Replacement Cost Isn’t Always Replacement Cost: The Hidden Limits of Code Coverage
On its face, the question sounds almost silly to anyone in the industry: what’s the difference between RCV (Replacement Cost Valuation) and ACV (Actual Cash Value)? Replacement Cost Valuation is the cost to repair or replace, with recoverable depreciation. Actual Cash Value is the cost minus nonrecoverable depreciation.
Simple enough.
Except it isn’t.
The Misunderstanding Behind Replacement Cost Coverage
Chip Merlin’s most recent article, Limited Code Upgrade Coverage Means No Full Replacement Costs, highlights a problem policyholders and many professionals consistently misunderstand: replacement cost does not automatically mean full replacement.
As Chip Merlin explains, “Most people simply call this code upgrade coverage,” but the reality is more nuanced.
As a paralegal with Premier Claims for over 5 years, I’ve read thousands of policies. One pattern appears again and again: Law and Ordinance coverage is riddled with contingencies that determine whether it applies and how much.
Law and Ordinance Coverage Is Not One Thing
While policy language varies, Law and Ordinance coverage is typically only available on buildings insured on an RCV basis. It is also not a single, blanket coverage.
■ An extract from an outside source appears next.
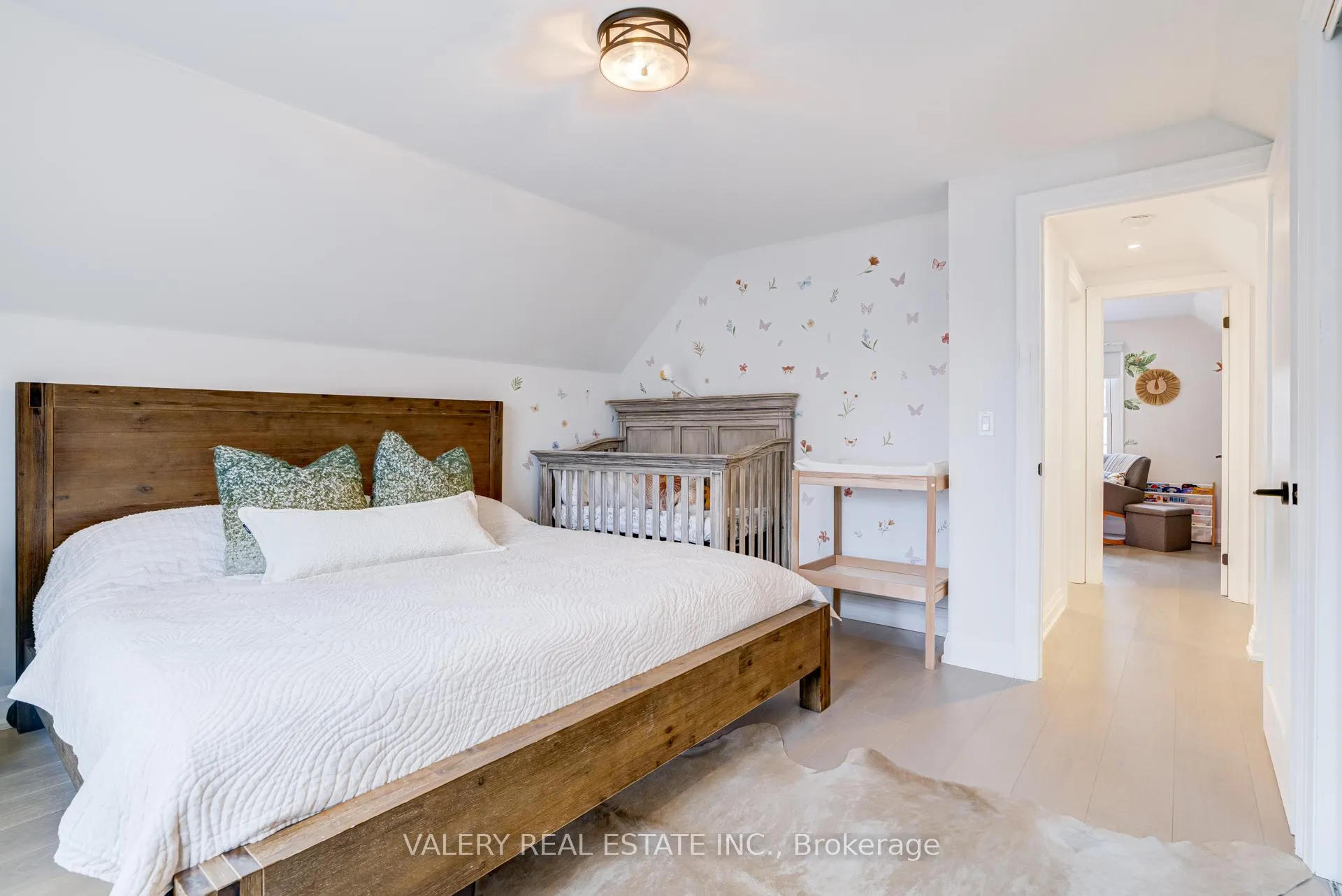 Photo 27 of 21 Avon Park Drive, Etobicoke, Stonegate-Queensway — HOMEH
Instead, it is commonly divided into three distinct parts:
Undamaged Portion
Pays for the value of the portion of the building that was not physically damaged but must be brought into compliance with current codes.
Demolition
Covers the cost to demolish and remove the undamaged portion of the structure when required by ordinance.
Increased Cost of Construction
Pays the additional cost to rebuild in compliance with current building codes.
Coverage may be capped by a single dollar amount or a percentage of Coverage A. In some policies, the limit is shared across all three parts. In others, coverage may only apply to one part— most often Increased Cost of Construction.
In commercial policies, especially, the Increased Cost of Construction is frequently limited to the lesser of 5% of Coverage A or $10,000. In a world of modern codes and aging structures, that amount disappears quickly.
Why Code Coverage Is the Most Expensive Gap
Because codes change.
According to the EESI and the Library of Congress, model building codes are regularly updated every three years. The Insurance Institute for Business & Home Safety (IBHS) notes that building codes have evolved over the centuries through hard-earned lessons with each new version shaped by catastrophe, failure, and loss.
Today, the International Code Council (ICC) publishes model codes every three years, which states and counties adopt and amend independently. That means what is required to rebuild is often vastly different from what existed before the loss, especially with an older building.
And the policy? The policy was written years ago with limits that rarely keep pace.
When Replacement Cost Becomes Partial Replacement
The question isn’t whether a policy is written on an RCV basis, but whether the coverage matches today’s building realities. Law and Ordinance limitations quietly turn replacement cost into partial replacement, leaving policyholders to absorb gaps they never knew existed. Reviewing these limits before a loss is not just good practice, it’s essential risk management.